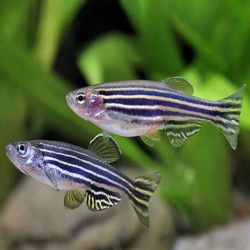 BRACHYDANIO RERIO / POISSON ZEBRA / DANIO RERIO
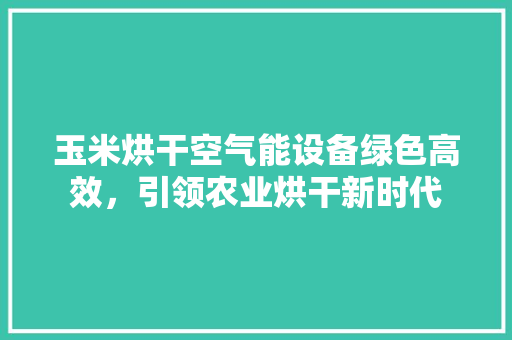 玉米烘干空气能设备绿色高效，引领农业烘干新时代 家电维修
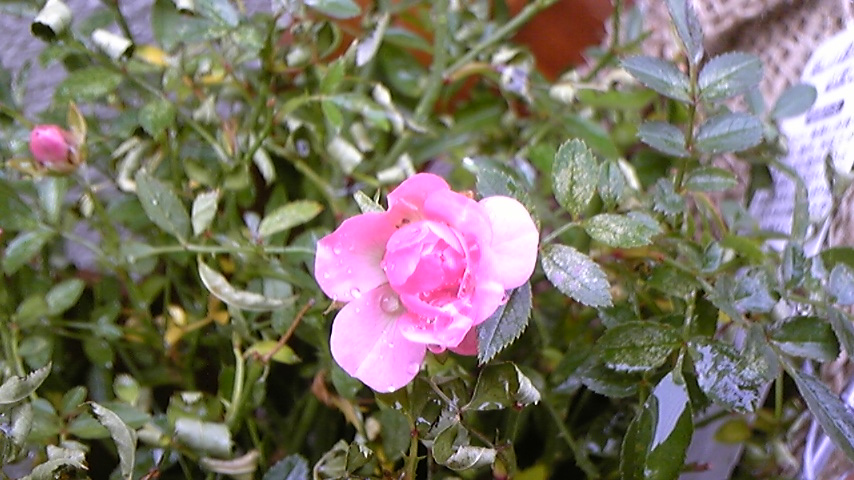 c0202870_17292636.jpg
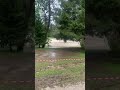 Gezin uit Emmen ziet Sloveense camping onder water lopen #shorts | RTV Drenthe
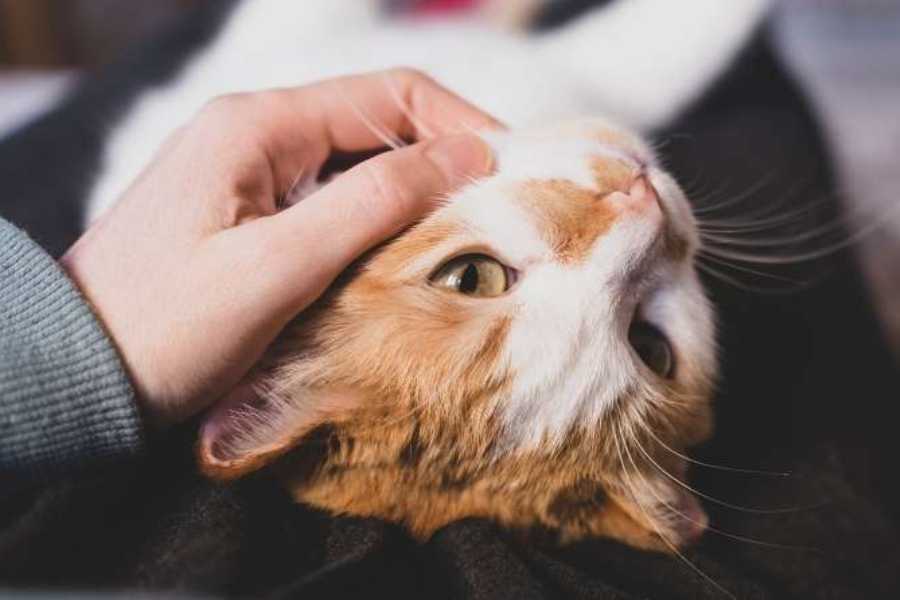 Signs of Clinginess in Cats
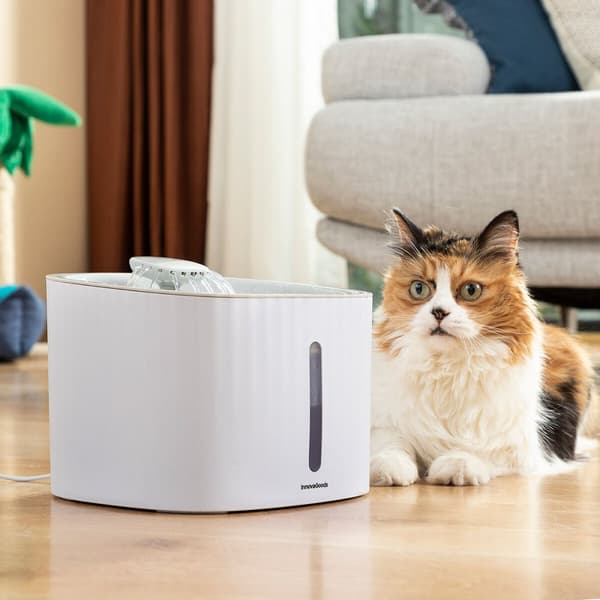 Lemmikin Juomalähde Drinkatt InnovaGoods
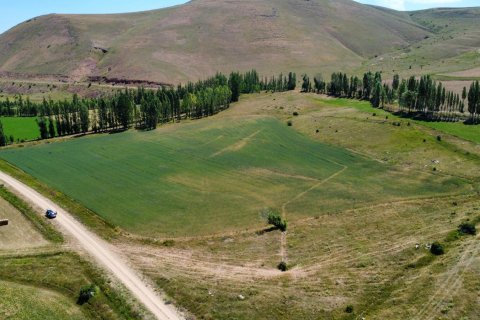 Land plot for sale in Bayburt, Turkey, studio, No. 228571 – photo 3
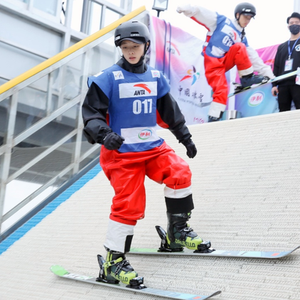 2025 vendita calda di alta qualità produttori durevoli parco fungo cortile blu bianco artificiale neve coperta pendio - Product Image 4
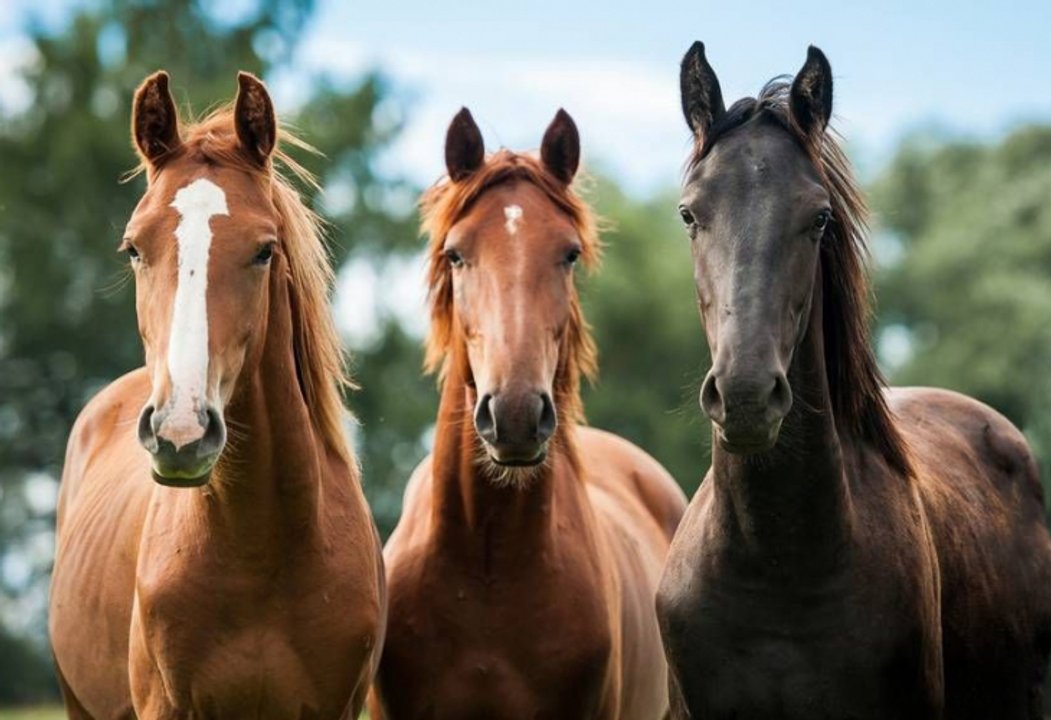 Encefalitis Equina : falleció el primer hombre en Córdoba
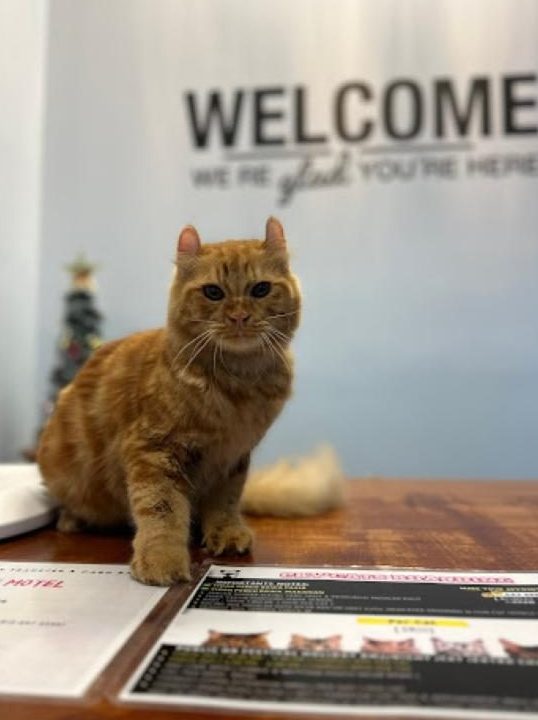 ckycatshop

## [Task to carry out]
Could the lines from the one with "Lemmikin Juomalähde Drinkatt InnovaGoods" through the last line of the material above be written out exactly, both included, with pictures left out?

## [Finished exercise]
 Lemmikin Juomalähde Drinkatt InnovaGoods
 Land plot for sale in Bayburt, Turkey, studio, No. 228571 – photo 3
 2025 vendita calda di alta qualità produttori durevoli parco fungo cortile blu bianco artificiale neve coperta pendio - Product Image 4
 Encefalitis Equina : falleció el primer hombre en Córdoba
 ckycatshop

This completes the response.